She looked down at the contract again. Ten pages. The fee for services clearly outlined. "Should I have my lawyer review this?" She picked now to be sarcastic when the tone would be least appreciated. Of course she'd read through the legalese a hundred times before this meeting and again when she walked into Fagan's bar.

The Southie shrugged. "Look dollface, it's your hit but that's a hefty price."

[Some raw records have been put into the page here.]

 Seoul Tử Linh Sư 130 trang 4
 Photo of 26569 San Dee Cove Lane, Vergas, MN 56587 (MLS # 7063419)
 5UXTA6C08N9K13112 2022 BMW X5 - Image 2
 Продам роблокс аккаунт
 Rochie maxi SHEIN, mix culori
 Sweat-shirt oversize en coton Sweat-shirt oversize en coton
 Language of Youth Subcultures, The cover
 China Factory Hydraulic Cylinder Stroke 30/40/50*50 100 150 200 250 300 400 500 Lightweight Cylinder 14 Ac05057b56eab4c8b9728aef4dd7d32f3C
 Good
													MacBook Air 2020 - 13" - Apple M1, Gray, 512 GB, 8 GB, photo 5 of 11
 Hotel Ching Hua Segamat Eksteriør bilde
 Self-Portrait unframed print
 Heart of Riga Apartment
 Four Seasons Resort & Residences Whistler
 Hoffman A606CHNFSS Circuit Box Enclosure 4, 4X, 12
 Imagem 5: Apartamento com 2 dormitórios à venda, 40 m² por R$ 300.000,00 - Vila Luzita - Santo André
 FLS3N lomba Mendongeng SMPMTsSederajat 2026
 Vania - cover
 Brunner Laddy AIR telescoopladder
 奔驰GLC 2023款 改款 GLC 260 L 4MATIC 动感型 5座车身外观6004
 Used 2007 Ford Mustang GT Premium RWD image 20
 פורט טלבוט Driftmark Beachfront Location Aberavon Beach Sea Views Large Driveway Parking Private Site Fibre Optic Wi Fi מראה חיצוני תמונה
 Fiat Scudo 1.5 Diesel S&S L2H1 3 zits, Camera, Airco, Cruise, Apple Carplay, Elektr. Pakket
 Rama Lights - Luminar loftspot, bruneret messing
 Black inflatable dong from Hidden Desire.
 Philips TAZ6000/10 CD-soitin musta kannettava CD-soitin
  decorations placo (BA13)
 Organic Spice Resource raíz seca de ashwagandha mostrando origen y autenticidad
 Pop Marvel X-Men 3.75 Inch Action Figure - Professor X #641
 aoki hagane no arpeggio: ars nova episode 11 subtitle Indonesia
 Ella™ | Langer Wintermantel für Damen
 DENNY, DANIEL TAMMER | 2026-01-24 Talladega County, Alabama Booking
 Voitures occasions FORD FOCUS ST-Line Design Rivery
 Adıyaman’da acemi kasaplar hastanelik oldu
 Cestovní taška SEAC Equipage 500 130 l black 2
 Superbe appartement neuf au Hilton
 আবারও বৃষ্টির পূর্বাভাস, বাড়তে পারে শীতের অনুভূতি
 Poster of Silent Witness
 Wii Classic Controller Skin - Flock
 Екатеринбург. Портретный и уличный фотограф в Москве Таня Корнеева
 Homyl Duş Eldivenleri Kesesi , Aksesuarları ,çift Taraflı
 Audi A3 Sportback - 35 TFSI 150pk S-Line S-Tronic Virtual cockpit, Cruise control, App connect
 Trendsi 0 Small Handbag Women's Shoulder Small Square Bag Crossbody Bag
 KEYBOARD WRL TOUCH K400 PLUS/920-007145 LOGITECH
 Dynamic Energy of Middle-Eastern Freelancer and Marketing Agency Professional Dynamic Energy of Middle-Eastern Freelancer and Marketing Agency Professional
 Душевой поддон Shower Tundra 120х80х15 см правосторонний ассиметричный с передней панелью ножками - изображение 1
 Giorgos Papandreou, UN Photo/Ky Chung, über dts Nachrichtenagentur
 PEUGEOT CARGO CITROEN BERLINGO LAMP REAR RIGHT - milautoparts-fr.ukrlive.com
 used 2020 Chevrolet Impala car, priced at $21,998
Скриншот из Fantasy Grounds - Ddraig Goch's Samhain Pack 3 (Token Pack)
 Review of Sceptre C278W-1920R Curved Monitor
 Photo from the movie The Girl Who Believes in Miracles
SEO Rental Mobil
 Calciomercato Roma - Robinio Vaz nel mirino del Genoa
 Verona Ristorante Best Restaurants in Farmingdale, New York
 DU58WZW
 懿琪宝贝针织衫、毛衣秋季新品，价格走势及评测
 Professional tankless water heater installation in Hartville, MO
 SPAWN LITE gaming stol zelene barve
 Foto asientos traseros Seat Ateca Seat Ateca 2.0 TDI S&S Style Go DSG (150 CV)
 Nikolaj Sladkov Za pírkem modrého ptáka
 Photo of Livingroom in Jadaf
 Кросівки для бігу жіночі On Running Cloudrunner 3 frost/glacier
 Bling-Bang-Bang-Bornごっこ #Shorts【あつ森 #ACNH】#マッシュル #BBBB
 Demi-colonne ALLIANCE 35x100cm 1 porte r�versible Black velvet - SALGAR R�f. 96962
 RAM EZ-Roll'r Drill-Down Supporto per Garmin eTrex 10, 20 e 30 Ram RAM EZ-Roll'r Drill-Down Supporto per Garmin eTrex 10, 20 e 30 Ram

She glanced up into his cold, blue eyes that held actual concern. No one had given her demands a passing thought. She might as well have been asking for something as mundane as a glass of water or directions to the tollway. The Southie, however, wanted to be certain, to ensure she was certain that the sacrifice was not only desired but the consequences fully understood. She resented his apprehensions, the perceived misogyny. Nothing was written that hadn't been agreed upon before this meeting and that also included the imposing and boorish man in front of her.

"Did you read the contract?" she quizzed.

He cocked an eyebrow and feigned some injury. "You think just because I'm from south of Boston that I can't read? I went to college."

"You went to college?" She thought she knew everything about him.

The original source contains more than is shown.